En un terminal basado en Unix, edite el filtersomatic. ne para establecer los pats y ajustar los demás parámetros. Ejecute el filtersomatic.
pi script. Filtrar para las mutaciones que están subclonaly presentes en el volumen utilizando el bajo bajovaF a granel. r script en un terminal basado en Unix.
Esto generará archivos vcf separados para variantes de nucleótidos únicas y compartidas. Determinar todas las mutaciones compartidas entre clones que no están presentes en la muestra a granel, superponiendo todas las posiciones de mutación. Excluya falsos positivos mediante inspección manual mediante Visor Genómico Integrativo, abreviado IGV.
Las mutaciones se consideran falsas cuando no están presentes cuando la mutación está presente en la línea germinal en todos los clones o cuando están presentes en regiones mal mapeadas. Las mutaciones verdaderas pueden compartirse entre dos clones o estar subclonificados a granel. Resecuenciar todos los loci compartidos de forma independiente mediante la secuenciación dirigida o sanger.
Utilice las mutaciones compartidas para construir una tabla binaria de mutaciones frente a clones secuenciados, con cero que indique que la mutación no está presente y una que indica la presencia de la mutación. Salida de la tabla binaria de mutación como un mapa de calor junto con un dendrograma que indica las relaciones de linaje entre las células mediante funciones basadas en R. El mapa de calor indica el estado de mutación de cada célula.
Se muestra como una salida de ejemplo del análisis de número de copia generado por el control tres c para comprobar si hay alteraciones del número de copia. La gráfica de fracción de alelo variante creada por un solo filtrado de variantes de nucleótidos, es un histograma de frecuencias de alelo variante en la muestra. Un pico en la gráfica de densidad en 0,5 indica que la muestra es clonal.

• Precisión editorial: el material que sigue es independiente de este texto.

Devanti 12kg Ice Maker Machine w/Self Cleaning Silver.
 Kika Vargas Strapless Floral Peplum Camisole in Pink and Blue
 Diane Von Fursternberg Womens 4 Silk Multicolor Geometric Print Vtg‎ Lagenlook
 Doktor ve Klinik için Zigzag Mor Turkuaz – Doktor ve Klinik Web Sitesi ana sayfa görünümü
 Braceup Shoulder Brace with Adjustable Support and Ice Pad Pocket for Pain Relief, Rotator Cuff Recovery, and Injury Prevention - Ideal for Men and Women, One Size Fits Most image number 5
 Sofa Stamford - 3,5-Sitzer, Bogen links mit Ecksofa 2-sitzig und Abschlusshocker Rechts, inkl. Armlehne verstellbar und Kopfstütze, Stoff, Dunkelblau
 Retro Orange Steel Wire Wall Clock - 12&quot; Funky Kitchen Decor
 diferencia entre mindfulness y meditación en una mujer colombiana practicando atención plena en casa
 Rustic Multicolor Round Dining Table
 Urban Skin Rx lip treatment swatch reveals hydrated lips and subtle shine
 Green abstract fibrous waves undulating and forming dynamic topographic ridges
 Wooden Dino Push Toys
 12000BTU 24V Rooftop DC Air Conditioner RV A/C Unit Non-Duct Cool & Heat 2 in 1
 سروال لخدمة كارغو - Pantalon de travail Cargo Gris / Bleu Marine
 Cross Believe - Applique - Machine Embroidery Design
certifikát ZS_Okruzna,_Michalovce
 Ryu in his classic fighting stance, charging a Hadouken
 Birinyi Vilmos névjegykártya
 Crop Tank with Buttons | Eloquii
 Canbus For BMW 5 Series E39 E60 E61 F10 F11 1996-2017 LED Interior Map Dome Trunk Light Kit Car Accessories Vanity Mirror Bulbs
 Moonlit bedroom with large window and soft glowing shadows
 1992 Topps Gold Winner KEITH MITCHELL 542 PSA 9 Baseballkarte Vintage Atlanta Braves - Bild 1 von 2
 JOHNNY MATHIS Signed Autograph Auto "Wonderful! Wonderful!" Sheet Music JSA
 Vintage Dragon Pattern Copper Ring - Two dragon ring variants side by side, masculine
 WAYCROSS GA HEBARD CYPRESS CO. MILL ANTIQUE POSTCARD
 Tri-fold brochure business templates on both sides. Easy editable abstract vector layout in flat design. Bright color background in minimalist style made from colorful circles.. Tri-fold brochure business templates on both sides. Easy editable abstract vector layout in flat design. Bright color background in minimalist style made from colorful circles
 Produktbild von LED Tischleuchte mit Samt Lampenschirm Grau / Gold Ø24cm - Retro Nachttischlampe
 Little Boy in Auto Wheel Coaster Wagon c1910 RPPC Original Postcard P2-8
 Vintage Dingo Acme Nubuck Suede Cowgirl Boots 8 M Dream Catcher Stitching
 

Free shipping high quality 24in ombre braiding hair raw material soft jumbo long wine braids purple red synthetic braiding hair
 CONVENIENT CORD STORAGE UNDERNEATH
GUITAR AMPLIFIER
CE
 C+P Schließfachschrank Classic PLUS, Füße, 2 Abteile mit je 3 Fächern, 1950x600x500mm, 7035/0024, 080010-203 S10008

Aquí se representa un análisis típico de patrones mutacionales que produce una gráfica de 96 trinucleótidos. Además de la cuantificación de diferentes tipos de mutaciones, la extracción de firmas también se puede realizar con esta herramienta. Las mutaciones compartidas entre clones o presentes en un clon en el control de la línea germinal se validan mediante IGV.
Las mutaciones se consideran verdaderas cuando están presentes en la muestra y no a niveles altos de frecuencia de alelos variantes en la línea germinal. Las mutaciones se consideran falsas cuando no están presentes en el IGV, lo que puede ocurrir en regiones mal mapeadas. En otros casos, los eventos detectados por el filtrado de variantes de nucleótidos individuales se pierden variantes germinales.
La resecuenciación independiente de mutaciones mediante la resecuenciación dirigida es muy recomendable para estas mutaciones en clones seleccionados. Después de la detección de mutaciones somáticas compartidas entre clones, se genera una matriz binaria, se construye un mapa de calor que contiene células con y sin las mutaciones compartidas A a M.Se indica el árbol de linaje de desarrollo. Como siguiente paso para el meta presentado aquí, los procesos mutacionales activos en células madre hemopoyéticas se pueden determinar mediante el análisis de firma mutacional.